Newly discovered giant galaxies dwarf the Milky Way

Newly discovered giant galaxies dwarf the Milky Way

Our universe may be filled with unseen giants. Astronomers have discovered two giant radio galaxies, which are some of the largest-known objects in the universe. This revelation suggests that the enormous galaxies may be more common than previously believed.

The study published Monday in the Monthly Notices of the Royal Astronomical Society.

Astronomers found the two galaxies in new radio maps that were created using the MeerKAT radio telescope in South Africa.

Radio galaxies, which can be quite common, are brightest in radio wavelengths of light. Centaurus A is a well-known radio galaxy to astronomers. It’s the fifth brightest galaxy in the sky and is about 12 million light-years from Earth.

Centaurus A features a supermassive black hole at its center, which releases powerful jets that flow perpendicularly to the galaxy’s disk — a common structure for radio galaxies.

Giant radio galaxies, however, are more rare and have jets that exceed 22 times the size of our Milky Way galaxy. The Milky Way is a barred spiral galaxy, which is also fairly common, and looks like it sounds: a spiral-shaped galaxy with a central bar-shaped structure made of stars.

Now, astronomers have found two giant radio galaxies in a rather small patch of sky.

“We found these giant radio galaxies in a region of sky which is only about 4 times the area of the full Moon,” said Jacinta Delhaize, lead study author and research fellow at the University of Cape Town, in a statement.

“Based on our current knowledge of the density of giant radio galaxies in the sky, the probability of finding two of them in this region is less than 0.0003 per cent. This means that giant radio galaxies are probably far more common than we thought!”
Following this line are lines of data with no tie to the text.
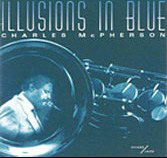 CHARLES MCPHERSON - Illusions In Blue cover 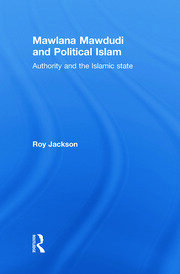 Mawlana Mawdudi and Political Islam: Authority and the Islamic state book cover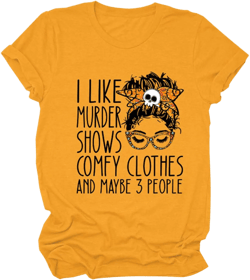 Womens Shirts I Like Murder Shows Comfy Clothes T Shirt Funny Saying Tops Graphic Tee Crewneck Casual Tops X-Large Yellow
Just because the galaxies are massive doesn’t mean they’re the easiest to spot, which is why astronomers didn’t observe them until now.

“These two galaxies are special because they are amongst the largest giants known, and in the top 10 per cent of all giant radio galaxies,” said Matthew Prescott, study coauthor and research fellow at the University of the Western Cape in South Africa, in a statement.

“They are more than 2 Mega-parsecs across, which is around 6.5 million light years or about 62 times the size of the Milky Way. Yet they are fainter than others of the same size. We suspect that many more galaxies like these should exist, because of the way we think galaxies grow and change over their lifetimes.”

Astronomers still don’t quite understand why only some radio galaxies grow to this massive size. Some believe that the giant radio galaxies are the oldest, which has allowed their radio jets to increase outward over several hundred million years.

If that’s the case, astronomers think there should be more of them in the universe than those they have recorded.

The MeerKAT telescope, located in the Karoo region of South Africa, includes an array of 64 radio dishes and has been operational since July 2018. The powerful telescope is sensitive to faint radio light, which allowed researchers to find the giant radio galaxies.

The telescope array is a precursor to an upcoming telescope, the transcontinental Square Kilometer Array, which will begin construction in both South Africa and Australia this year and begin observations in the mid-2020s.

The array will include thousands of dishes and up to a million low-frequency antennas in an effort to build the world’s largest radio telescope. Despite the fact that these dishes and antennas will be in two different parts of the world, together they will create one telescope that has over 1 million square meters of collecting area, meaning that astronomers can survey the entire sky much more quickly than with other telescopes.

It will also exceed the image resolution of the Hubble Space Telescope and image large portions of the sky in sensitive detail.

The Square Kilometer Array may discover more radio galaxies and shed light on how galaxies evolve.

“In the past, this population of galaxies has been hidden from our ‘sight’ by the technical limitations of radio telescopes,” Delhaize said. “However, it is now being revealed thanks to the impressive capabilities of the new generation of telescopes.”